My fellow Pathfinders and I have each had our own individual goals that are fundamentally interrelated. My own mission, with and beyond Pathfinders, is to get atheists, agnostics, and other “nones” invited into interfaith—I call it interbelief—discussions. And to get Christians, Jews, Muslims, Buddhists, and others invited into humanist discussions. All of us deserve real seats at the human table at which peace and justice are truly served. My goal as a Pathfinder has been to do this work on a person-to-person basis—to work next to and with Buddhists, Christians, Muslims, and people of any other belief system encountered on projects serving humanity—globally, locally, or individually. When someone meets me—one of the “nones”—and sees that I’m not evil or hateful, an essential part of the work is done.
This doesn’t mean we won’t continue to have difficult discussions. One student at Mustard Seed asked Ben and me if Americans sacrifice animals to appease spirits. She asked us about demon possession and faith healings. She asked us these things because they are a part of her human experience and part of her personal story. She wanted to find out how common her beliefs are in the United States. And, whether she knew or suspected that we did not share these beliefs with her, she was trying to convince us of their validity. She told us a story about a student at Mustard Seed who’d recently been possessed and was only saved by the intervention of a nearby Christian church.
This was a very difficult discussion. I had just finished two years in divinity school and am quite used to talking to people who have beliefs far different from my own. But this was somehow different. I was her teacher, a guest in her land, and a foreigner to her culture—but I wanted to teach her about mine. I was at her school as a humanist, but not as an evangelist for humanism, and so I wanted to have a discussion with her that was mutually respectful of our differing beliefs. This is my mission as a Pathfinder.
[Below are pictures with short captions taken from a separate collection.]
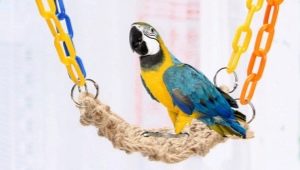 Typer og valg af legetøj til papegøje
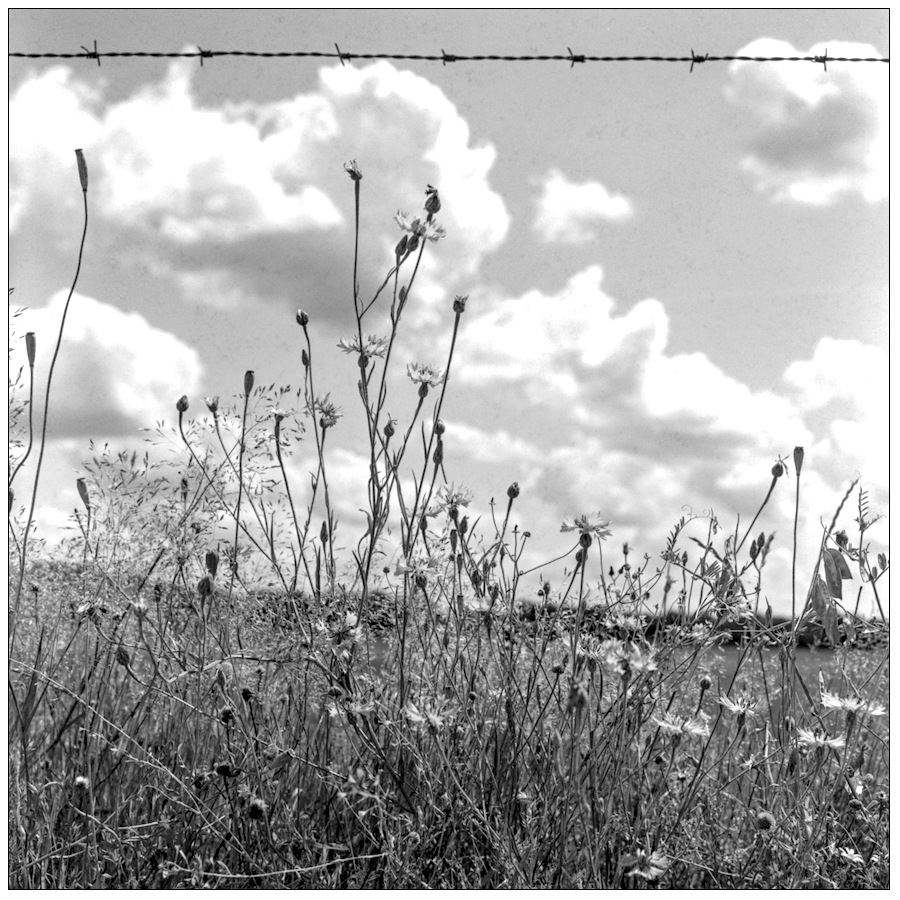 3_5F_0177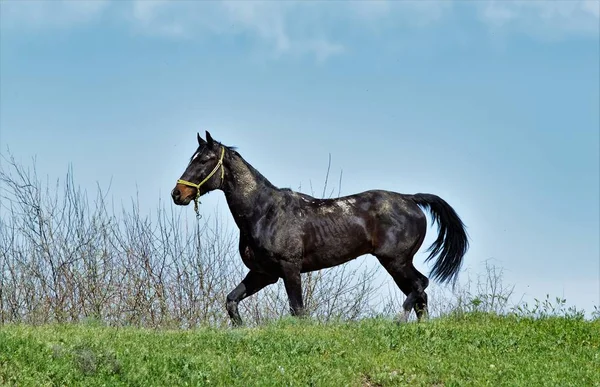 Dark Horse Zielonej Trawie — Zdjęcie stockowe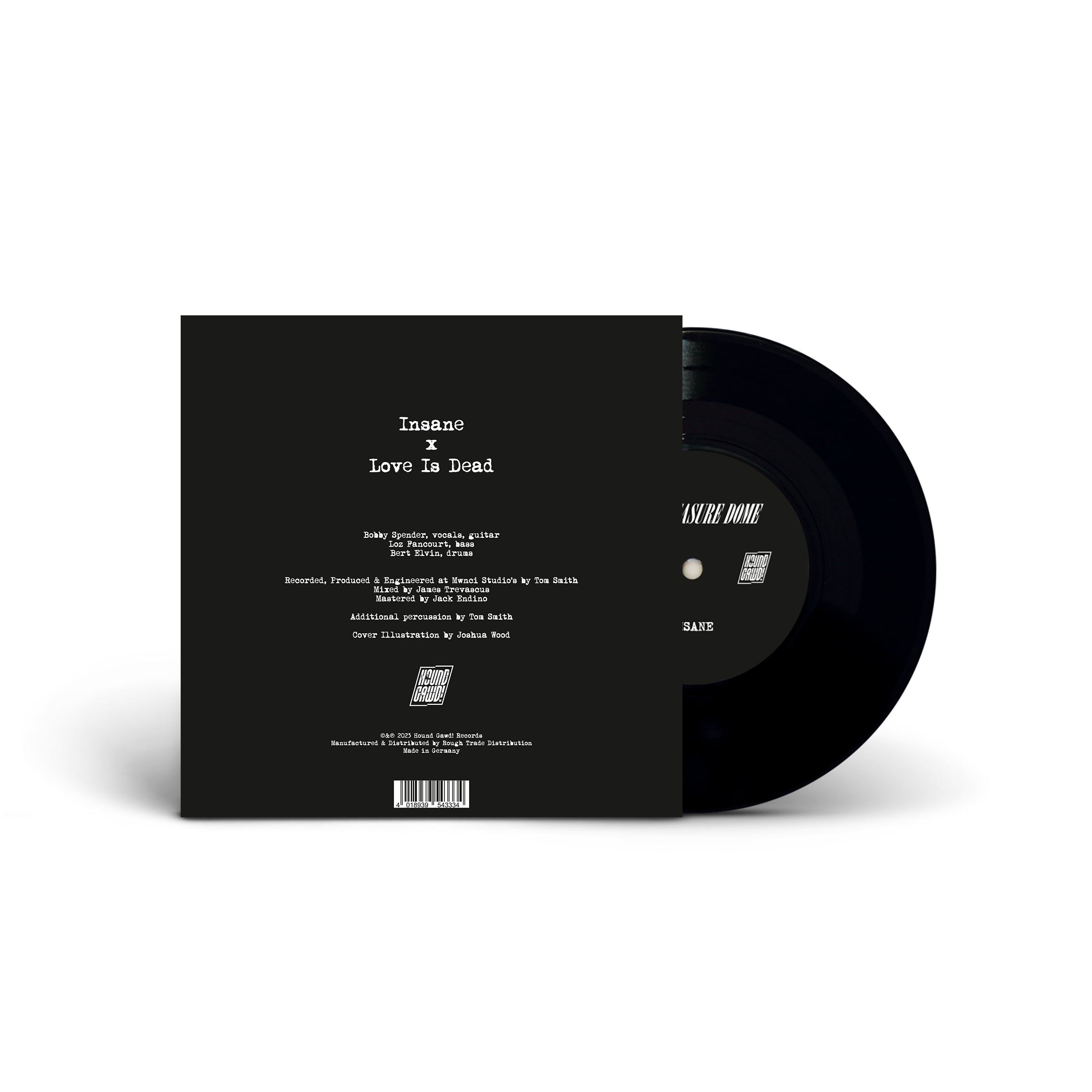 THE PLEASURE DOME - INSANE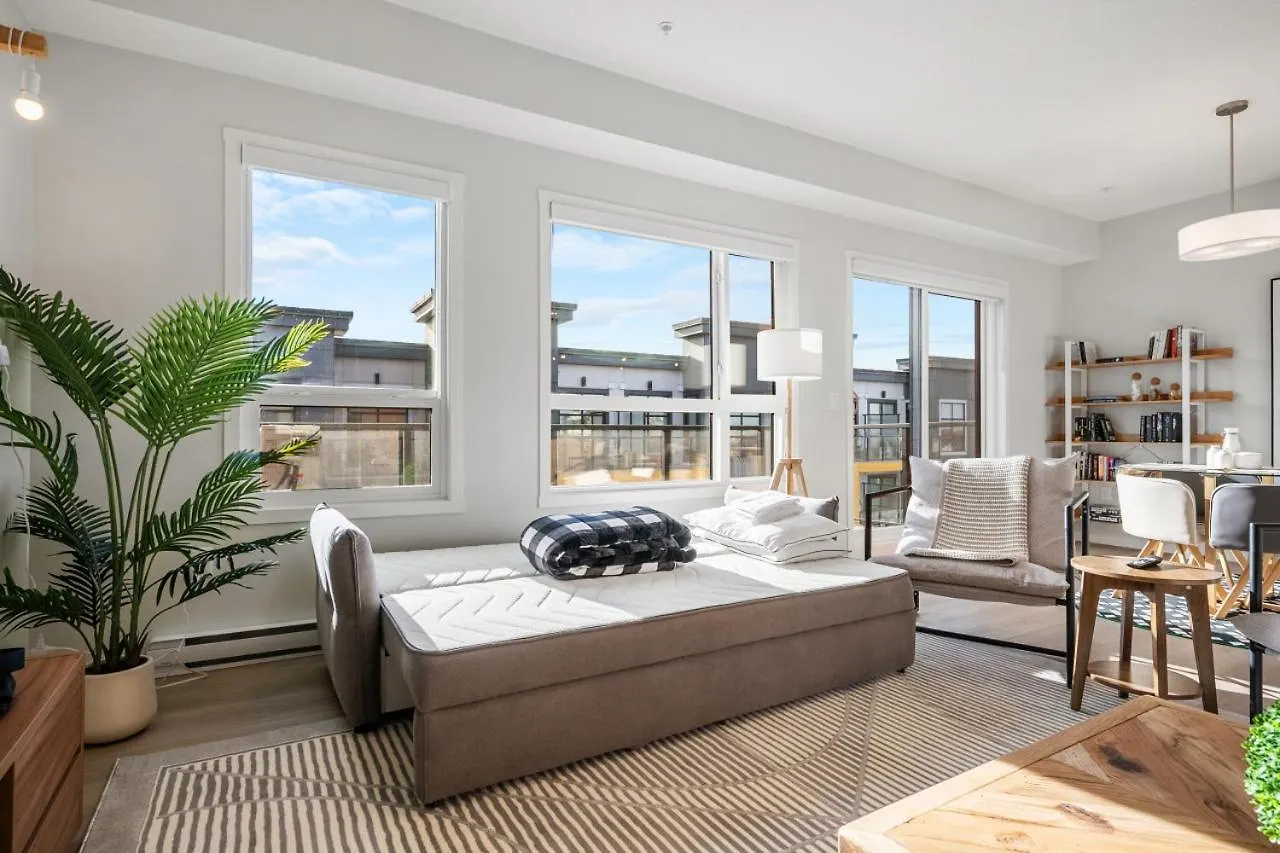 Large Open Concept Luxury Apartment With Ac, 70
The Pathfinders Project has its organizational mission, which is to find the right location to launch the HSC and to effect some good along the way. But beyond that, the most important thing we all do is meet people—have conversations, share meals, make friends. Be human together.
We met the onsite manager of our hotel in Cambodia who took us home to eat a family meal cooked by his mother. We met the Cambodian men who live in and around the pagoda and played volleyball with them. We met the keeper of the shop across the street from our house in Kasese, who brought us a home-cooked lunch when she rightly guessed one of our group was at home sick. We met the owner of the guest house in Kamuli who took hours out of his Sunday to show us around the town and teach us the history of the area. We met the Ghanaian woman who runs the Peace and Love Drinking Spot across the street from our guest house and who enticed us with American movies. We met the Ghanaian woman who sold us lunches and who laughed when I approached because my lunch orders struck her as so bizarre.
Making such wonderful friends around the world, we find that the path is not one of simple service or one-way giving. Wherever we go, we find that encountering the humanity in others serves us all—in generous portions.